Frühes Präpariermikroskop

von Carl Zeiss

Frühes Zeiss Präpariermikroskop von 1870.

Das Stativ besteht aus geschwärztem und zaponiertem Messing, gebläutem Stahl und Leder. Zur Beleuchtung des Objekts dient ein vierfach gelagerter Spiegel, der für Auflichtuntersuchungen auch über die Tischfläche bewegt werden kann. Die Einstellung erfolgt über einen Zahntrieb mit schlichten Rändelrädern beidseitig der Säule. Das Objekt wird über zwei Klemmen auf dem Tisch gehalten.

Die optische Ausstattung setzt sich zusammen aus drei achromatischen Doublets die sowohl einzeln, als auch in Kombination genutzt und mit einer Okularlinse kombiniert werden können. Lineare Vergrößerungen von 8 – 100 sind mit dieser Zusammenstellung möglich. Die Verbindung von einem oder mehrerer solcher Doublets mit der Okularlinse wird als Brücke’sche Lupe bezeichnet.
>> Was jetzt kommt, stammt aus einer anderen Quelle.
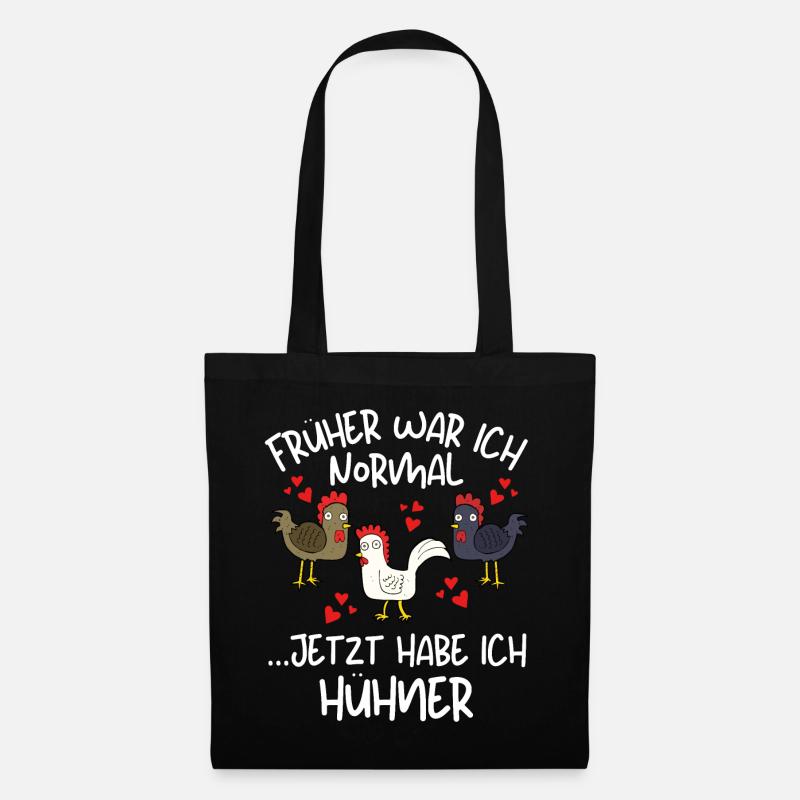 Früher war ich normal jetzt habe ich Hühner! - Stoffbeutel - Schwarz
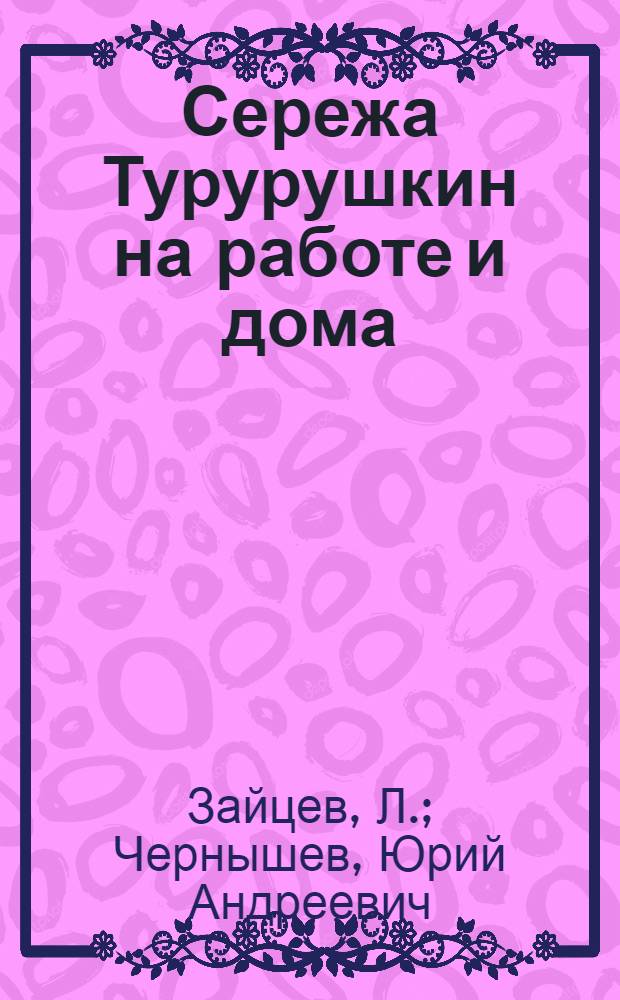 Сережа Турурушкин на работе и дома : Стихи Л. Зайцева : Для детей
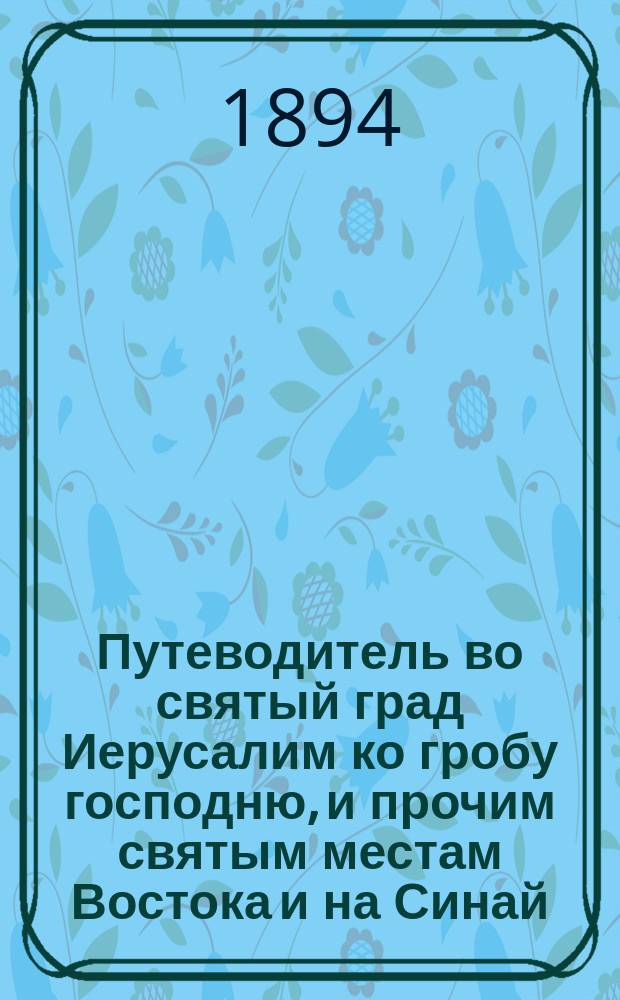 Путеводитель во святый град Иерусалим ко гробу господню, и прочим святым местам Востока и на Синай : С воспоминанием страстей Христовых и прочих знаменат. событий, совершившихся на святых местах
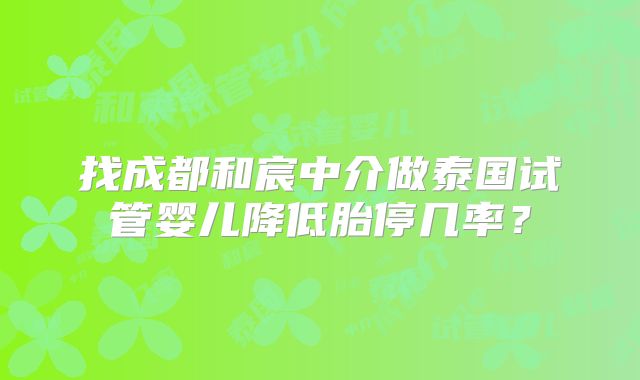 找成都和宸中介做泰国试管婴儿降低胎停几率？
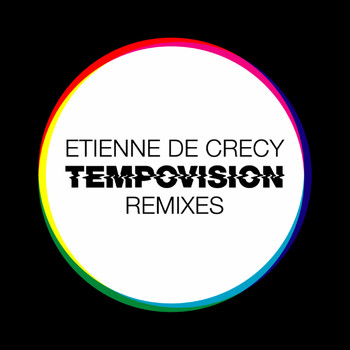 Etienne De Crécy - Tempovision Remixes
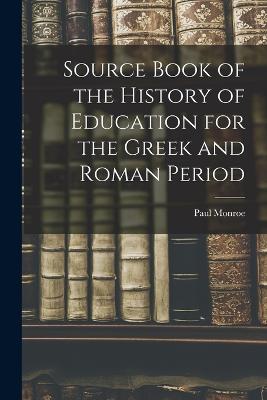 Source Book of the History of Education for the Greek and Roman Period - Monroe, Paul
Zur Ablage der Hände bei den Präparierarbeiten können zwei lederbezogene Backen seitlich am Tisch eingeschoben werden.

Auf dem Fuß ist das Mikroskop mit einfachen Schlagbuchstaben signiert:

1564C Zeiss Jena
45

Es handelt sich bei diesem Stativ um das sogenannte „Neue Präpariermikroskop“, welches 1869 eingeführt wird und das seit 1847 angebotene einfache Präpariermikroskop im Programm ergänzt. Bei der ersten Vorstellung des Instruments in der Literatur beschreibt Carl Zeiss mit einem Holzschnitt das Stativ als eine mechanische Konstruktion ähnlich dem Dissektionsmikroskop von Nachet in Paris (Carl Zeiss (1870) Ein neues Präparir-Mikroskop. Archiv für mikroskopische Anatomie VI: 234-236):

Ein neues Präparir-Mikroskop.

Von
 Carl Zeiss 
in Jena.*)
Hierzu ein Holzschnitt.

Das einfache Mikroskop in seine bisherigen Construction als Doublet, Triplet ist auch in der besten Ausführung mit dem Mangel behaftet, dass bei steigender Vergrösserung der Abstand zwischen Object und unterer Linsenfläche rasch abnimmt; daher das Präpariren unter demselben bei über 30 facher Vergrösserung schon sehr behindert, von 60 facher Vergrösserung an so gut wie unmöglich gemacht ist , wozu noch kommt, dass die geringe Höhe der Doublets den Beobachter zu einer sehr unbequemen Kopfhaltung nötigt.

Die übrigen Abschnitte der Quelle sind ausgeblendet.